Analyzing the Results:
The resulting DataFrame contains the product name, price elasticity, mean price, and mean quantity for each product. We sort the products based on their price elasticity to identify the most and least price-sensitive products.
final_df = final_df.sort_values(by=['price_elasticity'])
Visualizing Price Elasticity:
We use Seaborn to create a captivating bar plot showcasing the price elasticity scores for different products. This visualization helps us identify the products with the most significant impact on demand due to price changes.
# temp_df
plt.figure(figsize=(12,10))
ax= sns.barplot(x=temp_df['price_elasticity'],y=temp_df['name'])

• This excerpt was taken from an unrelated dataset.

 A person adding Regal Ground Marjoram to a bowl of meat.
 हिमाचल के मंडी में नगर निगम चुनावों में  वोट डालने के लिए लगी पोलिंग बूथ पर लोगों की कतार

ax.bar_label(ax.containers[0])
In the above we notice that Samsung-65 Class LED TV with a negative price elasticity of -17.68, it is described as follows: “A 10% price decrease in Samsung-65 Class LED, it increases sales demand by 170.6% or a 10% price increase, it decreases sales demand by 170.6%”
Whereas in other case, Sony XBR-X850E-Series 75-Class TV with a negative price elasticity of 7.19 & interpreted as — “A 10% price decrease in XBR-X850E-Series 75-Class TV, it decreases sales demand by 71.2% or a 10% price increase, it increases sales demand by 71.2%”
Conclusion
Throughout this enthralling journey, we learned the significance of price elasticity in pricing strategies and explored its application in the real world of electronic products. Armed with the Price Elasticity Model, businesses can now make informed decisions about pricing and maximize their profits. Thank you for joining me on this exhilarating adventure.